Cependant, une invention intégrant un logiciel peut faire l’objet de la délivrance d’un brevet européen par l’Office européen des brevets (OEB).
En effet, la jurisprudence de l’Office européen des brevets (OEB) – et depuis 2001, certaines de ses directives – ont assoupli l’exclusion posée par la Convention de Munich, en précisant que si un logiciel, revendiqué pour lui-même et indépendamment de son contenu, n’est pas susceptible d’être breveté, en revanche, si l’objet revendiqué apporte une contribution de caractère technique à l’état de la technique, alors la brevetabilité ne saurait être refusée.

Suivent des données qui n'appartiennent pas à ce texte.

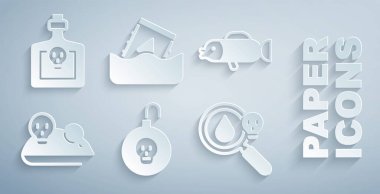 Nükleer bomba kirpi balığı deneysel fare zehri büyüteci, radyoaktif atık varili ve iksir ikonuyla şişeyi hazırla. Vektör.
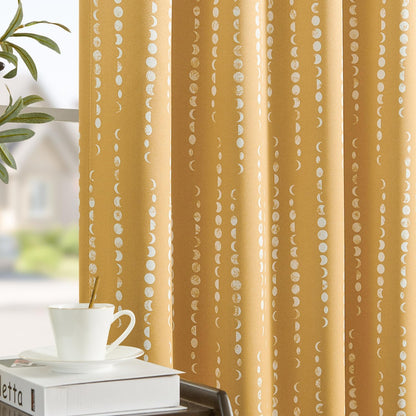 jinchan Boho Blackout Curtains 63 Inch Length Moon Phase Printed Drapes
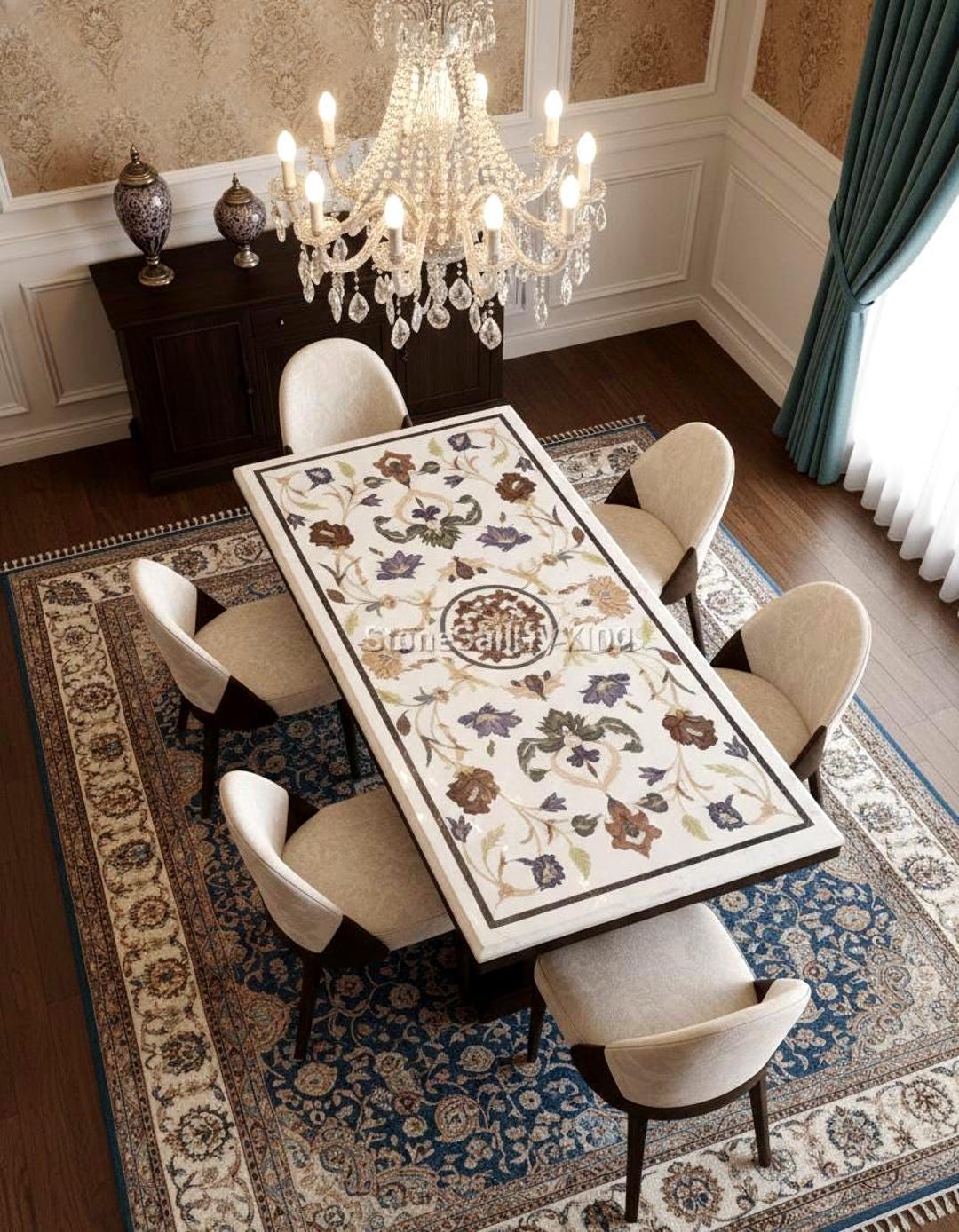 Marble Table Pattern White Marble Inlay Table | Floral Pattern Dining Table | Semi-precious ...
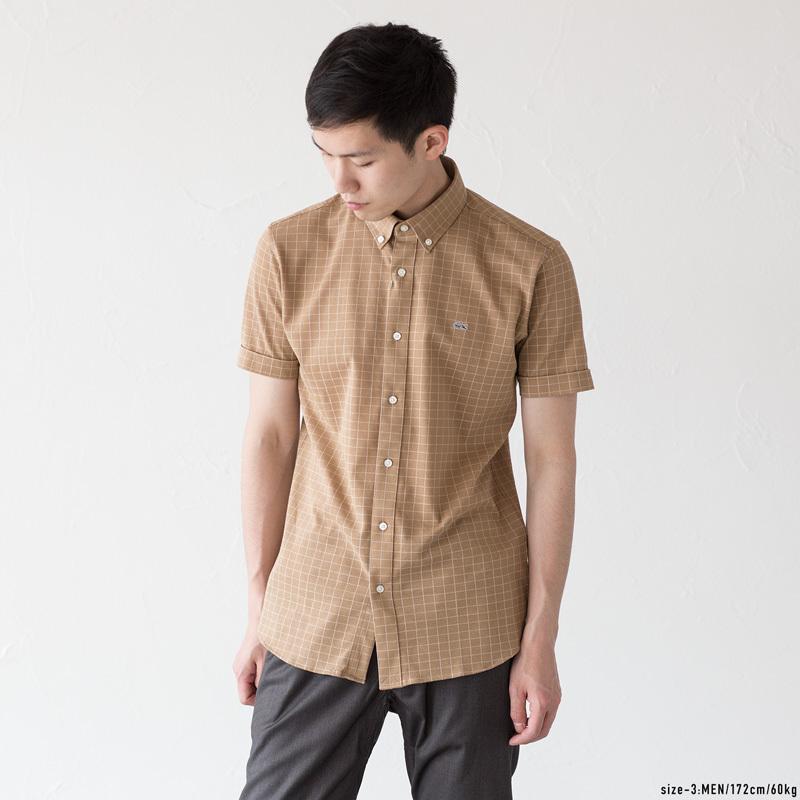 ラコステ ウィンドウペン ビズポロシャツ PH763EL 半袖 ボタンダウン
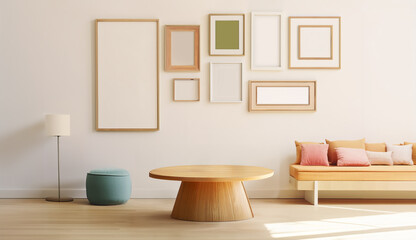 Spacious  living room interior with open concept, several empty frames, wood flooring, furnishings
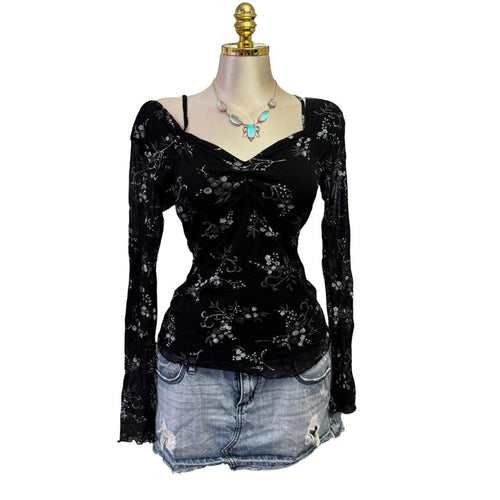 90s Vintage Black Gray Glitter Floral Top [L]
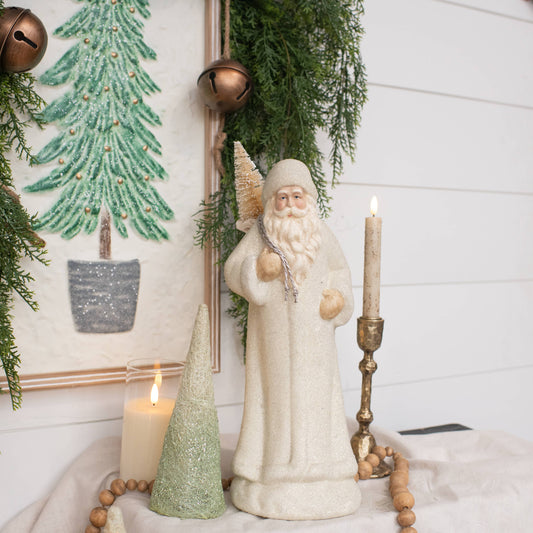 16" IVORY SANTA W/ SNOWY TREE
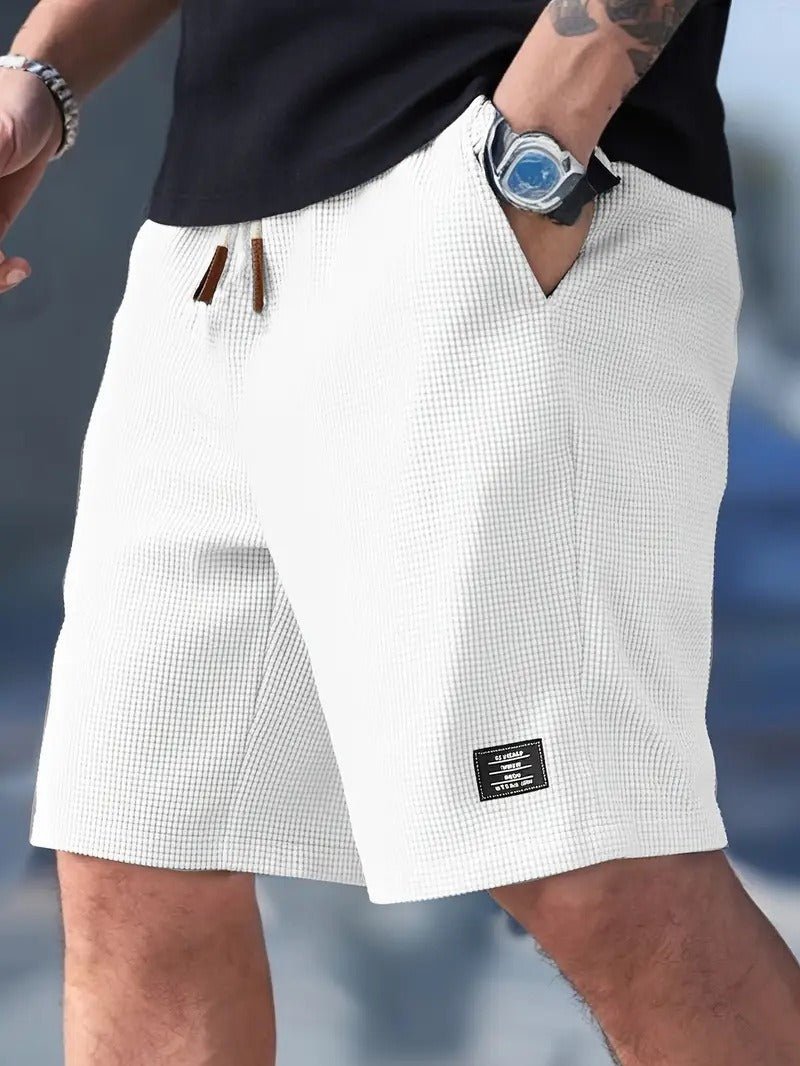 Versatile men's relaxed fit waffle shorts for any casual occasion, comfortable everyday wear, and summer fashion.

Ainsi, plusieurs décisions rendues par l’OEB ont admis la brevetabilité des programmes d’ordinateur dès lors qu’ils présentaient des caractéristiques techniques nouvelles et inventives. (Par exemple, les décisions de l’OEB suivantes : Sohei, 31 mai 1994, IBM 1er juillet 1998, Phillips 15 mars 2000, Pension benefit System Partnership 8 septembre 2000).

Néanmoins, la position de l’OEB n’est pas toujours suivie par les juridictions françaises.
Dans une décision en date du 18 juin 2015, le Tribunal de Grande Instance (TGI) de Paris a invalidé un brevet européen.
Le litige opposait les opérateurs téléphoniques Orange et Free dans lequel Orange estimait que Free utilisait, à travers l’une de ses offres, une invention que Orange avait brevetée par le biais d’un brevet européen. L’opérateur appuyait en l’espèce ses revendications sur la CBE et la pratique de l’OEB en la matière. Le TGI de Paris remettait en cause le brevet européen délivré au motif que « la délivrance de brevets pour les programmes d’ordinateurs, fussent-ils dénommés programmes-produits, n’est en effet soutenue par aucun texte ou par aucune difficulté d’interprétation de la CBE et au contraire ceux-ci sont clairement exclus en tant que tels de la brevetabilité ». Par cette décision, le TGI de Paris déclarait nulles pour « défaut de brevetabilité » les revendications de l’opérateur téléphonique et rejetait l’action en contrefaçon engagée par Orange.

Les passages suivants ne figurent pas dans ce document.